-- PROMPT --
In the records below, find the line that contains "Title details for" and the line that contains "Representative Men: Nature, Addresses"; write out exactly those two lines and everything between them, without the pictures.
*** Opening MATERIALS PROVIDED ***
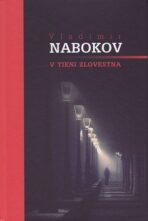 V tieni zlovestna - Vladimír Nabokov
*** Closing MATERIALS PROVIDED ***
*** Opening MATERIALS PROVIDED ***
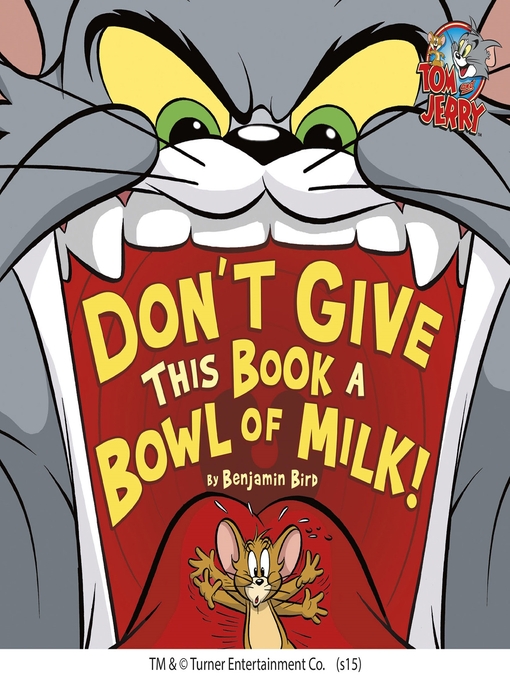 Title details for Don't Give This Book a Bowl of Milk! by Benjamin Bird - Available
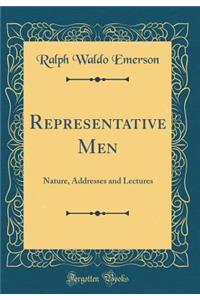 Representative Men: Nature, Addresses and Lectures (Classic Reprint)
*** Closing MATERIALS PROVIDED ***
-- RESPONSE AREA --
 Title details for Don't Give This Book a Bowl of Milk! by Benjamin Bird - Available
 Representative Men: Nature, Addresses and Lectures (Classic Reprint)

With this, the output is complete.